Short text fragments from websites
Segment Open

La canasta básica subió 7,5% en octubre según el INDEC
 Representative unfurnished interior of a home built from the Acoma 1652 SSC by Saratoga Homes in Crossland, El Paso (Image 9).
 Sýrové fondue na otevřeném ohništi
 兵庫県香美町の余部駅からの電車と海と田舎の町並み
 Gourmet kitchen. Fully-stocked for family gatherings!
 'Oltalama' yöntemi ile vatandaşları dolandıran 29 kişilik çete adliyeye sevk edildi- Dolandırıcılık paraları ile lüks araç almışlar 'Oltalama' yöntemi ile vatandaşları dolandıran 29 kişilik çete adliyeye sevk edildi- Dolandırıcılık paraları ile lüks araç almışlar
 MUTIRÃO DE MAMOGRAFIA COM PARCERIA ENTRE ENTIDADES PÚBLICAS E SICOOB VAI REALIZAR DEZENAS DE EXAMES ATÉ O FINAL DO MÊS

Segment Closed

◆ WORK ORDER: Output all of the records above exactly as they appear.

◆ SOLVED PROBLEM:
La canasta básica subió 7,5% en octubre según el INDEC
 Representative unfurnished interior of a home built from the Acoma 1652 SSC by Saratoga Homes in Crossland, El Paso (Image 9).
 Sýrové fondue na otevřeném ohništi
 兵庫県香美町の余部駅からの電車と海と田舎の町並み
 Gourmet kitchen. Fully-stocked for family gatherings!
 'Oltalama' yöntemi ile vatandaşları dolandıran 29 kişilik çete adliyeye sevk edildi- Dolandırıcılık paraları ile lüks araç almışlar 'Oltalama' yöntemi ile vatandaşları dolandıran 29 kişilik çete adliyeye sevk edildi- Dolandırıcılık paraları ile lüks araç almışlar
 MUTIRÃO DE MAMOGRAFIA COM PARCERIA ENTRE ENTIDADES PÚBLICAS E SICOOB VAI REALIZAR DEZENAS DE EXAMES ATÉ O FINAL DO MÊS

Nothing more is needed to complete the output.